5 reports of this reaction
3.4% of all ALUMINUM CHLOROHYDRATE reports
#3 most reported adverse reaction
PRODUCT ADMINISTERED AT INAPPROPRIATE SITE is the #3 most commonly reported adverse reaction for ALUMINUM CHLOROHYDRATE, manufactured by The Procter & Gamble Manufacturing Company. There are 5 FDA adverse event reports linking ALUMINUM CHLOROHYDRATE to PRODUCT ADMINISTERED AT INAPPROPRIATE SITE. This represents approximately 3.4% of all 148 adverse event reports for this drug.
Patients taking ALUMINUM CHLOROHYDRATE who experience product administered at inappropriate site should discuss this symptom with their healthcare provider to determine whether it may be related to their medication and what alternatives may be available.
PRODUCT ADMINISTERED AT INAPPROPRIATE SITE is moderately reported among ALUMINUM CHLOROHYDRATE users, representing a notable but not dominant share of adverse events.

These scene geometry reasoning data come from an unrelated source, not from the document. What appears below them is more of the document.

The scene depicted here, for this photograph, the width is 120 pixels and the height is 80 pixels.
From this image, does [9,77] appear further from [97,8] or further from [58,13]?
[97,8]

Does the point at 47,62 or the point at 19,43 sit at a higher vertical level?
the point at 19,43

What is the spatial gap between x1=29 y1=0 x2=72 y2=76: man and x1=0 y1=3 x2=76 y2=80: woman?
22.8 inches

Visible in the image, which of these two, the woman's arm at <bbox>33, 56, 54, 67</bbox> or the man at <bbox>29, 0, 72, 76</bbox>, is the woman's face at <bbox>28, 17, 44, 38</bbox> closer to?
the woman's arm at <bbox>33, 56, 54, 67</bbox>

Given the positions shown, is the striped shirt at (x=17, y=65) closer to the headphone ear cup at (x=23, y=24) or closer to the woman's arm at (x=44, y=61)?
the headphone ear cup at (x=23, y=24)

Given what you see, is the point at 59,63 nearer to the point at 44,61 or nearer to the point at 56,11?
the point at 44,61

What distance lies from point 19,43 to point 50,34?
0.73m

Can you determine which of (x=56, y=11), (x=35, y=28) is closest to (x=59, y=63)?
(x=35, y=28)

In addition to product administered at inappropriate site, the following adverse reactions have been reported for ALUMINUM CHLOROHYDRATE:
The following drugs have also been linked to product administered at inappropriate site in FDA adverse event reports:
PRODUCT ADMINISTERED AT INAPPROPRIATE SITE has been reported as an adverse event in 5 FDA reports for ALUMINUM CHLOROHYDRATE. This does not prove causation, but indicates an association observed in post-market surveillance data.

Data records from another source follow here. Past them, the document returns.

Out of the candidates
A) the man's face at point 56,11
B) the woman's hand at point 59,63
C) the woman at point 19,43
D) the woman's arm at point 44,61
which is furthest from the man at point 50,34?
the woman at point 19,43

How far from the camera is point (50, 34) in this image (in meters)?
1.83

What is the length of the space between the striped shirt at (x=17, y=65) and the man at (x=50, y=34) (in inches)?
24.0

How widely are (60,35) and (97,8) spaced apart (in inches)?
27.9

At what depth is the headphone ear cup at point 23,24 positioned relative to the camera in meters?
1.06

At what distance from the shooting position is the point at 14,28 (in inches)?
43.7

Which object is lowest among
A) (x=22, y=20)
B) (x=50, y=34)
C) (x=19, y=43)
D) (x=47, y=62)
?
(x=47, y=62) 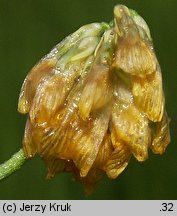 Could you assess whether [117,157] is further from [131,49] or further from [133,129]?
[131,49]

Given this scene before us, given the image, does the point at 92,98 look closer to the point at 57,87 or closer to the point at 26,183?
the point at 57,87

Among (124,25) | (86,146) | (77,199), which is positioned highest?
(124,25)

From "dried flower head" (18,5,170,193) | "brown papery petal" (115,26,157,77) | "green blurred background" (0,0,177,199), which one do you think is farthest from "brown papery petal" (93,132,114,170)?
"green blurred background" (0,0,177,199)

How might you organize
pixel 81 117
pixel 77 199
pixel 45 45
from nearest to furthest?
pixel 81 117 < pixel 77 199 < pixel 45 45

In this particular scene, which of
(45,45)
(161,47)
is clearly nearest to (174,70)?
(161,47)

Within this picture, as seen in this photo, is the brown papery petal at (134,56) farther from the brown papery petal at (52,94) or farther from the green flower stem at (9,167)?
the green flower stem at (9,167)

PRODUCT ADMINISTERED AT INAPPROPRIATE SITE accounts for approximately 3.4% of all adverse event reports for ALUMINUM CHLOROHYDRATE, making it one of the most commonly reported side effect.
If you experience product administered at inappropriate site while taking ALUMINUM CHLOROHYDRATE, contact your healthcare provider. They can evaluate whether the symptom is related to your medication and discuss potential adjustments to your treatment plan. Do not stop taking prescribed medication without consulting your doctor.